Anyhooo, soon enough, there is a pretty gross shooting with Lou as the victim and the gang jumps back into the hot tub (which Lou has been hiding in the back), just to prevent this awful (distaseful, not funny) injury happen to him. However, they end up in the future and stumble upon Adam Jr. (played by Adam Scott, a noble replacement for the Cusack) and then all sorts of stupid stuff happens.

Now, by this point, you may think that I am just not giving this movie a chance. Rest assured, reader, that I am. I am probably the one reviewer in United States (the world?) who really, truly wanted to love this. I mean, I host a Craig Robinson Movie Marathon at my house every year. I laugh at sophmoric things all the time. I have seen This This The End and 21 Jump Street at least half a dozen times each. I am, somehow, against all odds, exactly the target audience for this.

Sadly, despite all the good will I can muster, it doesn’t deliver. First of all, the semi-future is being done WAY better in, say, Parks & Recreation as we speak. The drug scene Adam Scott is in has been done better in This is The End. The this-is-truly-uncomfortable sexual future encounters would maybe make someone wince BEFORE Black Mirror happened. And the whole time-traveling-back-and-forth-while-wasted-and-stupid has been executed way more righteously by ones Bill S. Preston Esq. and “Ted” Theodore Logan.
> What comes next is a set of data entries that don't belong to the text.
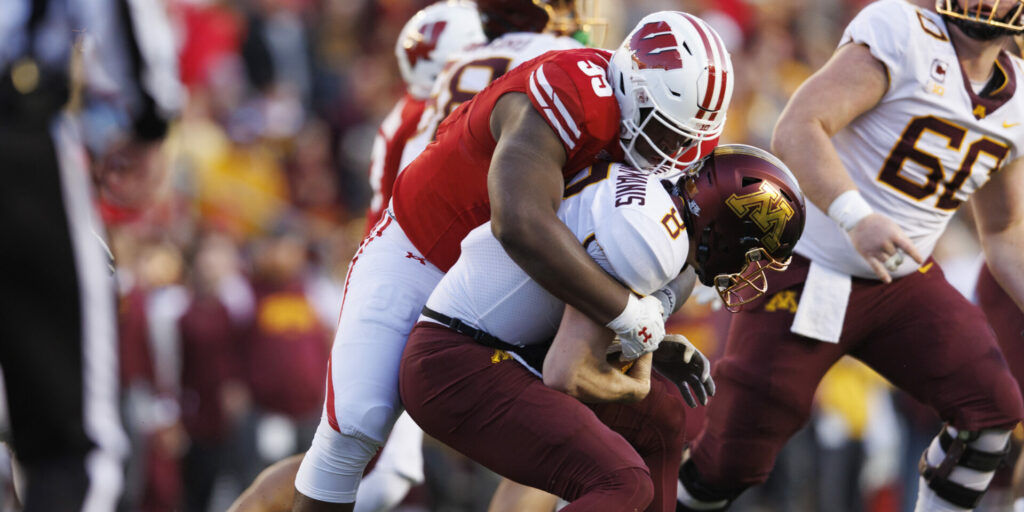 Wisconsin Badgers nose tackle Keeanu Benton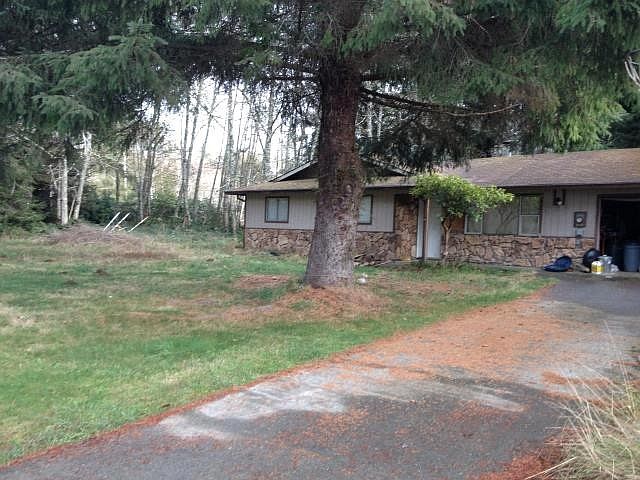 2nd image of 201 Clayton Dr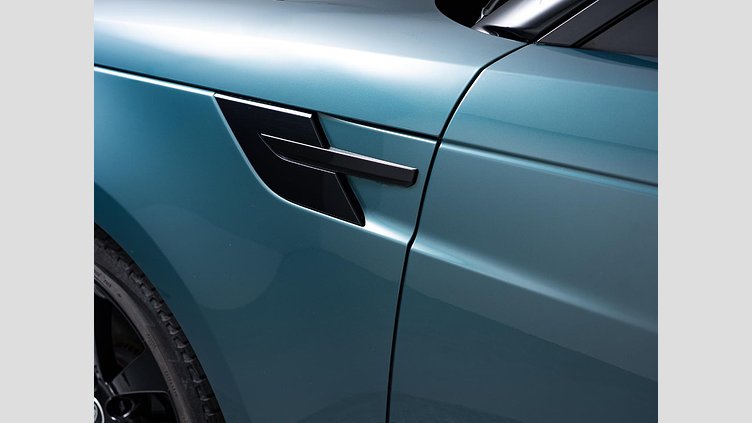 2023 認定中古車 Land Rover Range Rover Sport ジオラグリーン 3.0リッター6気筒400PSターボチャージドガソリンMHEV（オートマチック） FIRST EDITION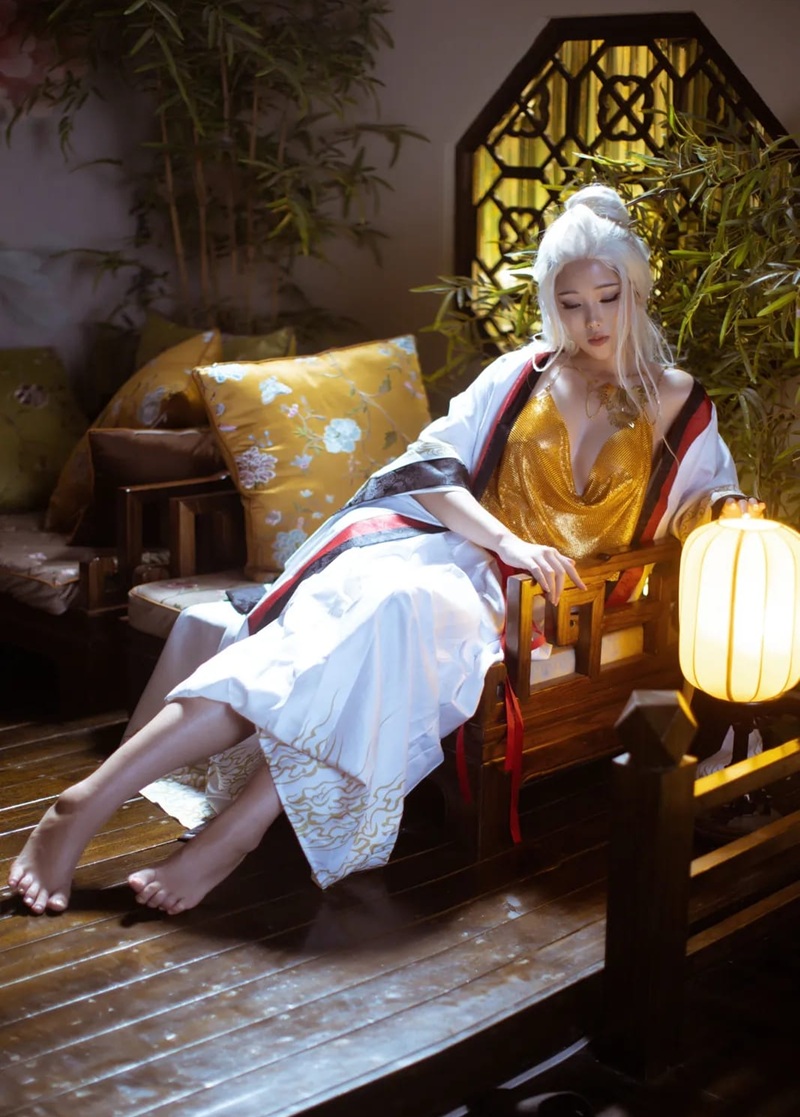 Ảnh Cosplay Black Myth Wukong liếm cặc nuốt tinh dâm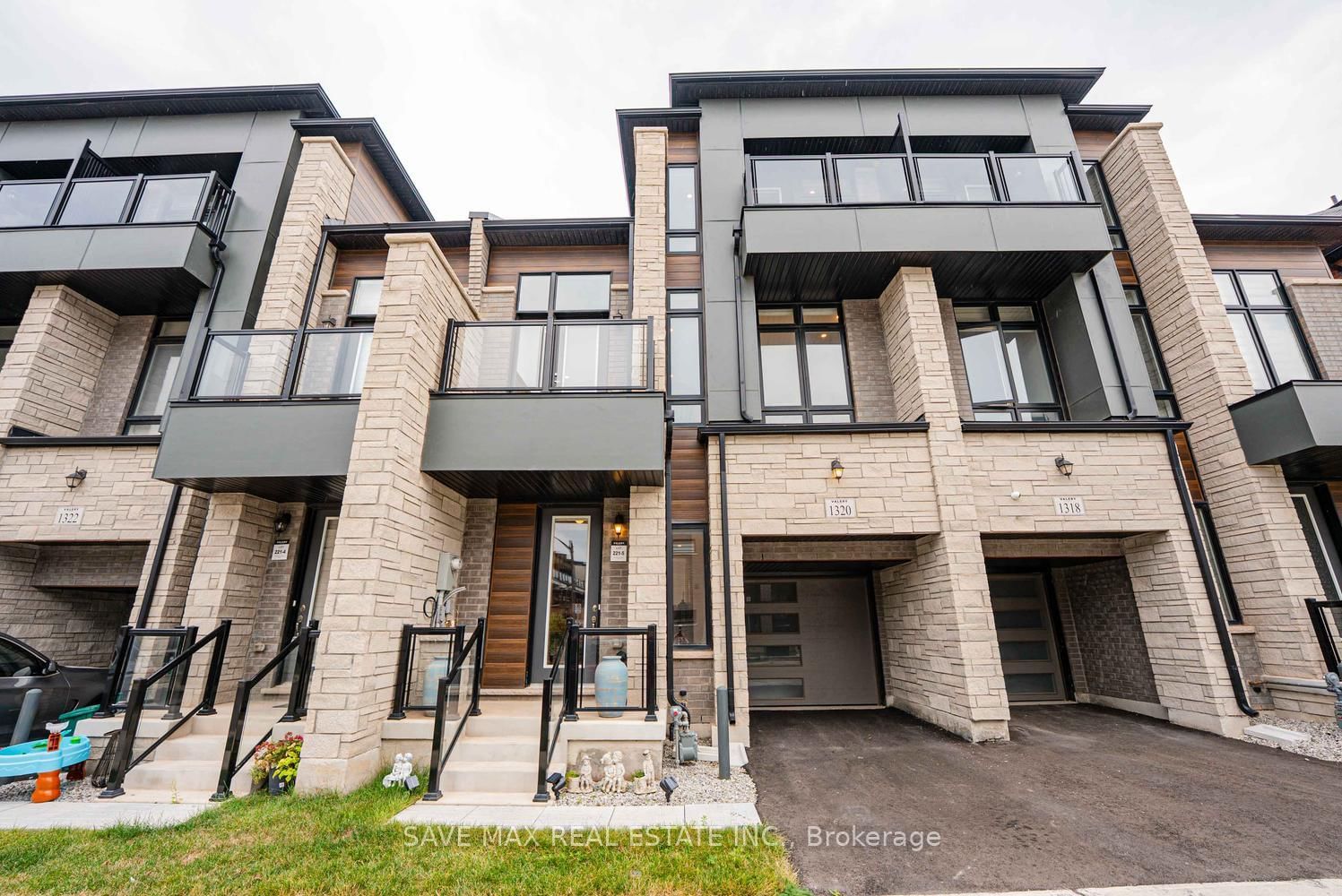1320 Anthonia Trail • Oakville, ON photo 1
So, what you are left with is four pretty damn funny people in a half-story, without even many costume changes. Instead, they just hang out in 2015 (the trailer implies they travel ALL OVER THE TIMES, yet this is NOT the case. I repeat: This is NOT THE CASE). And there is nowhere not enough of Craig Robinson singing. I mean, you have him in a movie, you have a wedding scene, and you DON’T sit the man at a piano? What’s the point of anything anymore after that?

There is a fine art to making a great stupid movie and while the first Hot Tub flirted with the formula in a game (if imperfect) way, the sequel just makes you scratch your head and say: What exactly went so horribly, horribly wrong here? The answer may be lengthier (and funnier, despite inevitably being sad) than the movie itself.